Understanding these differences may assist in determining that the present claims recite 
different systems and methods than disclosed by Elworthy. 

With reference to the recited "language analyzer" of claim 1, the language 
analyzer retrieves probability values from the database and adjusts a negative assumption 
until a language is determined. This features is also not disclosed by Elworthy. 
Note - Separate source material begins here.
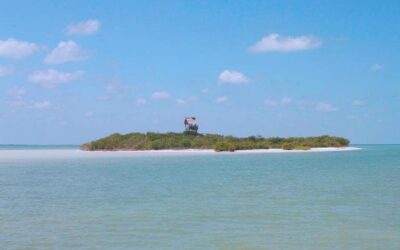 Playas Vírgenes de Isla Holbox: Disfruta de la Naturaleza en su Estado Puro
Elworthy determines the language of a document by accumulating probabilities 
for each token in each language for a set of input data and then compares the final 
accumulated total to see which language has the highest total based on a threshold (see 
Elworthy, Figure 5, Figure Ha-c, column 13, lines 36-58). Thus, Elworthy simply 
counts up scores until the input data is processed and compares the total scores. This is 
basically a type of a "first man to the finish line" test where all candidates run the entire 
race to see if there is a clear winner. There is no "proof or proving or disproving 
assumptions" since it simply counts points to see who has the most points. 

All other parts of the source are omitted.